Thursday, October 11, 2012

Framework Agreement on the Bangsamoro

The so-called Framework Agreement on the Bangsamoro uses words to conceal rather than reveal. For instance, it grandly declares: “The relationship of the Central Government with the Bangsamoro Government shall be asymmetric.” Asymmetric basically means they’re not equals, “hindi pantay,” but it doesn’t say who is subordinate to whom. If the intention was to say that the Bangsamoro Government is a subordinate political subdivision of the national government—as it should be, no two ways about that—that should’ve been stated. Here the fudge word is “asymmetric,” which creates an ambiguity that can be a fresh source of conflict in the future.

Second, the Agreement says: “The Bangsamoro shall have competence over the Shari’ah justice system.” Whatever happened to the Supreme Court’s power to regulate inferior courts? Here the fudge word is “competence,” as if that is cured by the executive branch bargaining away the high court’s exclusive power and sharing it with this new entity called Bangsamoro.

The third fudge word is “core territory.” The Constitution uses the term “territorial jurisdiction,” while the organic act for the Autonomous Region in Muslim Mindanao refers to the “area of autonomy.” Why add a new term to the lexicon of self-determination? If there is a “core” territory, there’s got to be a penumbral emanation from that core. It means that the Agreement expanded the ARMM area but that is just the start. Worse, it does not secure the borders equally for both the central and Bangsamoro governments. It’s one-sided. It secures the irreducible “core” in favor of the Bangsamoro, which can expand its scope against the central government. This is most worrisome, especially if seen side by side with that other fudge word, “asymmetrical.”

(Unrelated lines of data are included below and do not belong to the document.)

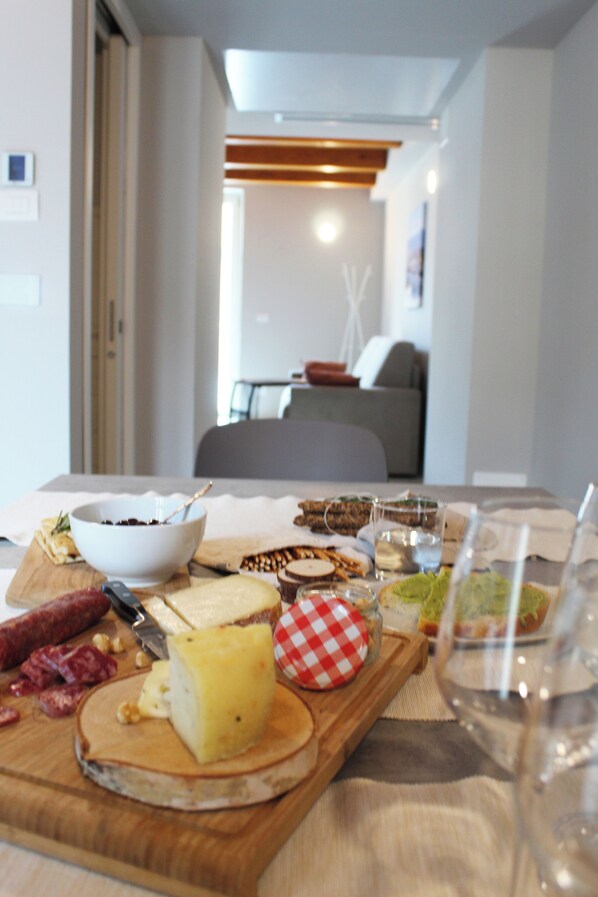 A dining table with various food items and a wine glass. - BENE 39 (Turin)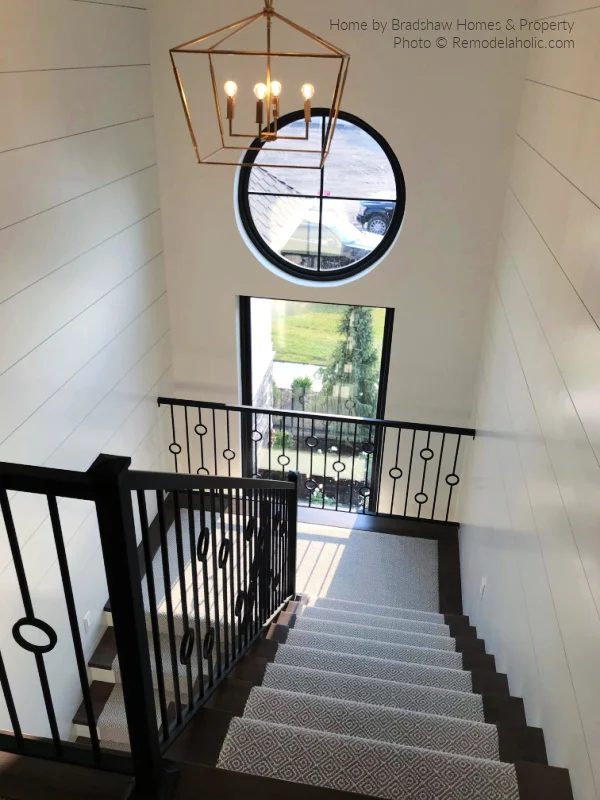 striking Staircase With Gray Geometric Runner Rug And Landing On Dark Wood Staircase Black Metal Railing, Bekob SL18 H06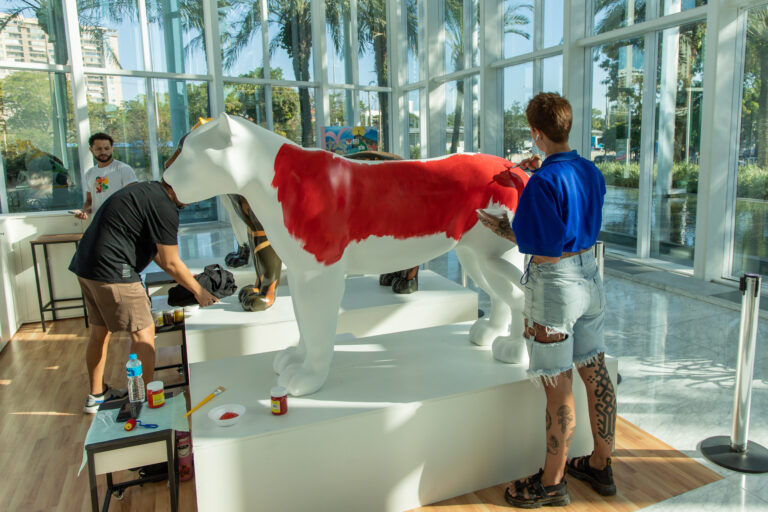 Artista pintando escultura de onça-pintada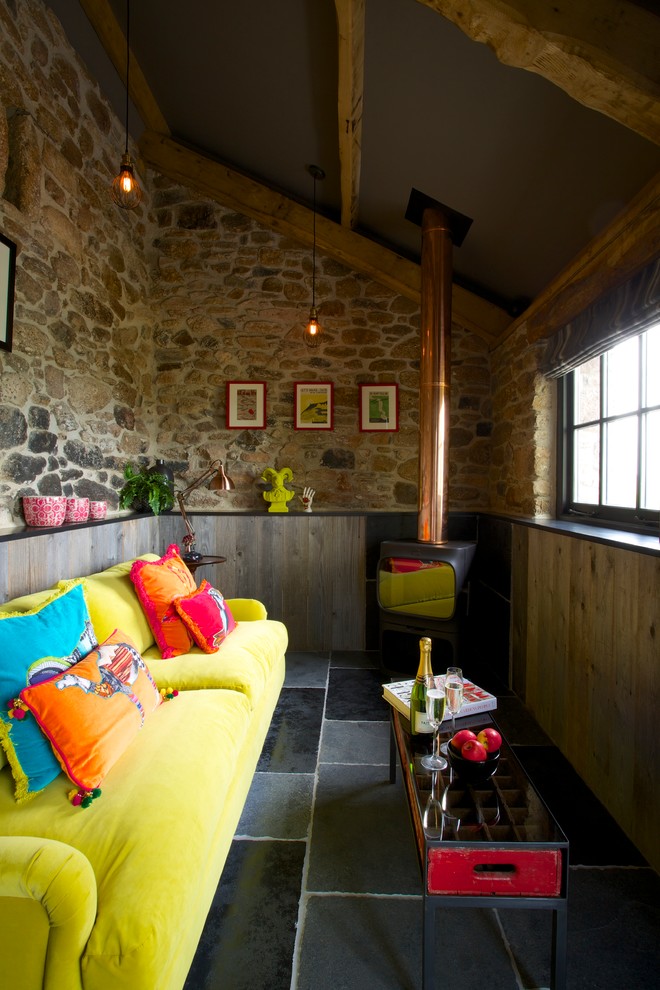 Photo of an eclectic living room in Devon with a wood burning stove.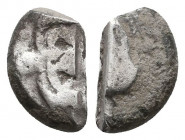 Archaic. Circa 525-475 BC. Cut AR Fragment.

Weight: 4.9 gr
Diameter: 15 mm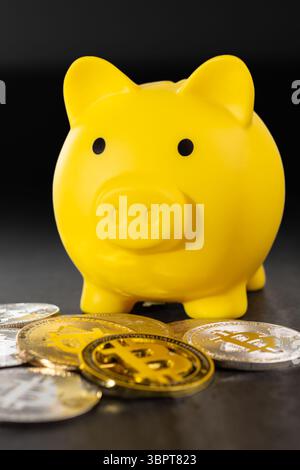 A yellow piggy bank surrounded by silver and gold Bitcoin coins on a textured gray surface. The image symbolizes digital currency, financial savings, Stock Photo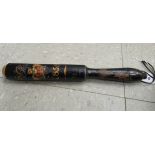 An early 19thC black lacquered wooden truncheon,
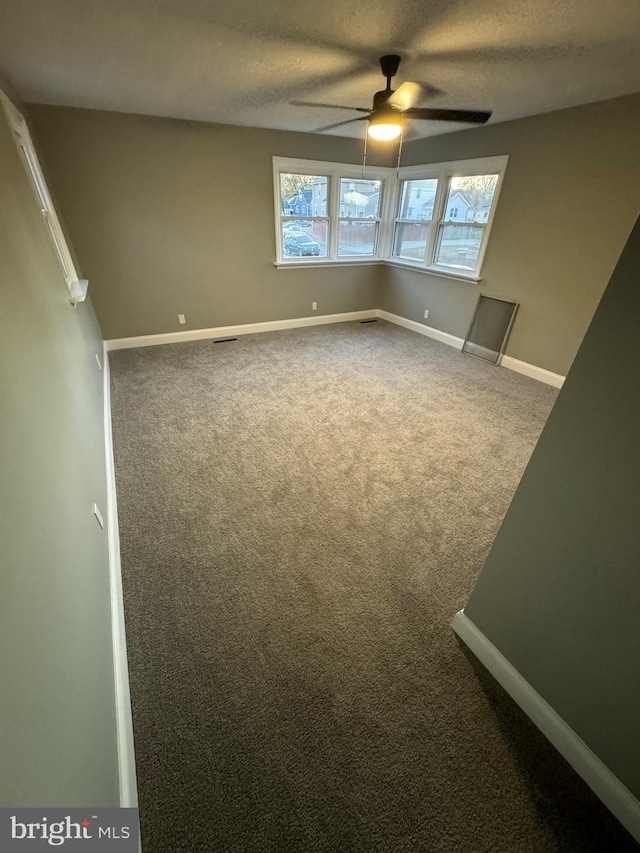 carpeted spare room with ceiling fan and a textured ceiling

Finally, the negotiators say that the Agreement doesn’t require Charter change. Yet the Agreement includes clauses that the Supreme Court has already rejected in its 2008 decision on the Memorandum of Agreement on Ancestral Domain (Cotabato v. GRP Peace Panel). For instance, the Court struck down in 2008 the term Bangsamoro identity, and yet the 2012 pact uses that same term in almost the same way. Moreover, the full text of the Agreement has not been made public. Critical annexes on “Power Sharing” and “Wealth Sharing” are still unavailable, as far as I know. That similar issue of lack of transparency was similarly raised in 2008.